Instructions for the task = Below are records; print only the lines from the line containing "MITSUBISHI/三菱電機 VD-15ZFLC14-S 天井埋込形換気扇" to the end, both included, reproduced exactly and without the pictures.

Stored data entries
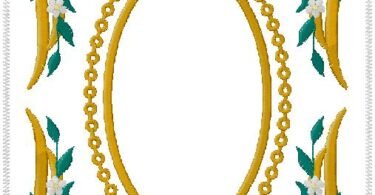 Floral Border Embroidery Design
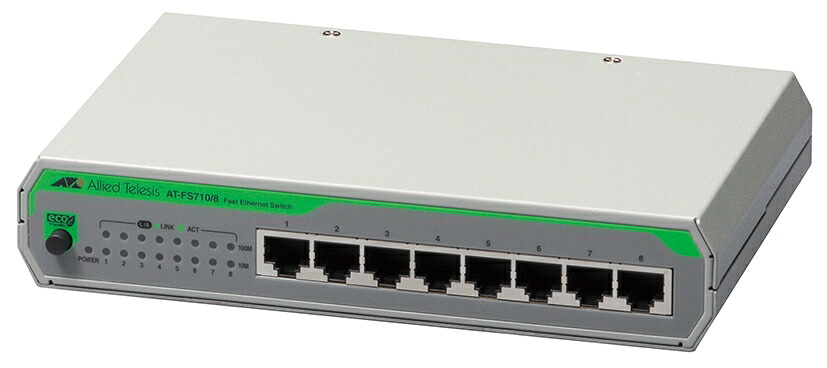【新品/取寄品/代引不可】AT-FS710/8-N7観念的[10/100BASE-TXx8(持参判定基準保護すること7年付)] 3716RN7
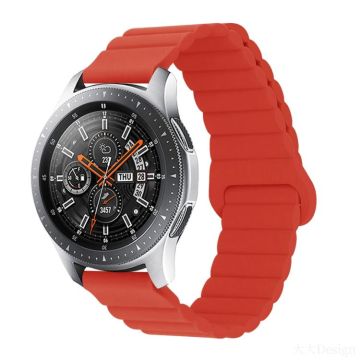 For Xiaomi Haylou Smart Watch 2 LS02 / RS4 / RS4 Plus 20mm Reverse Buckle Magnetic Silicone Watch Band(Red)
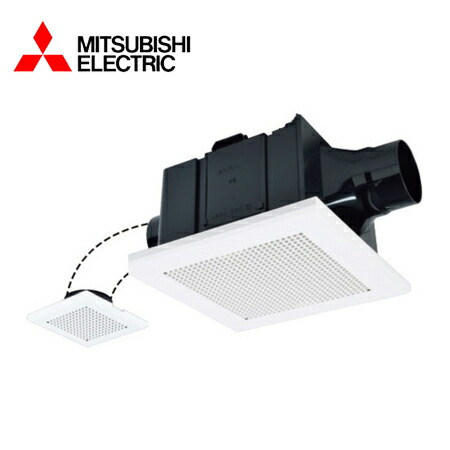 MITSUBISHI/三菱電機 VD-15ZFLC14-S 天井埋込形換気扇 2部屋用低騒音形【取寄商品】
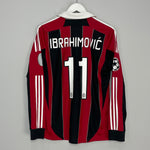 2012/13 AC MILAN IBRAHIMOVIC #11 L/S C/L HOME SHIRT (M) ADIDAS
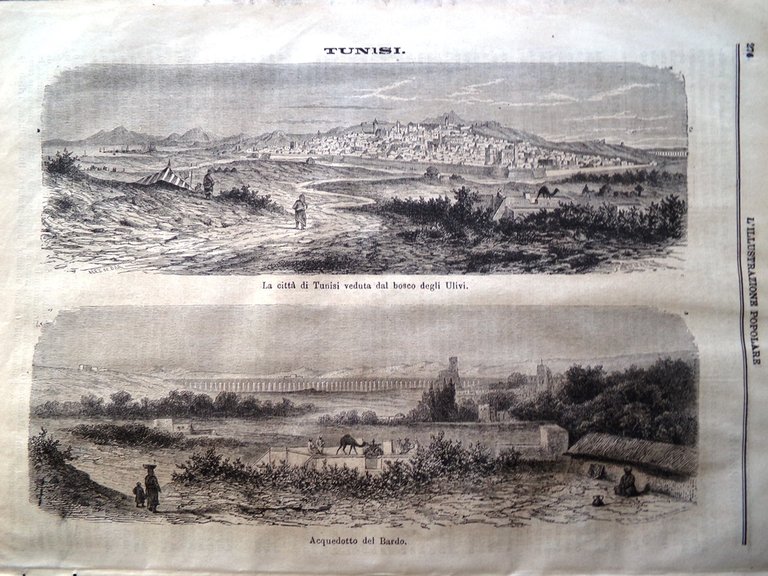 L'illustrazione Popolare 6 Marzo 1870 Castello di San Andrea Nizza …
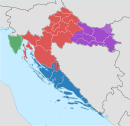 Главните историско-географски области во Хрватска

Your solution =
 MITSUBISHI/三菱電機 VD-15ZFLC14-S 天井埋込形換気扇 2部屋用低騒音形【取寄商品】
 2012/13 AC MILAN IBRAHIMOVIC #11 L/S C/L HOME SHIRT (M) ADIDAS
 L'illustrazione Popolare 6 Marzo 1870 Castello di San Andrea Nizza …
 Главните историско-географски области во Хрватска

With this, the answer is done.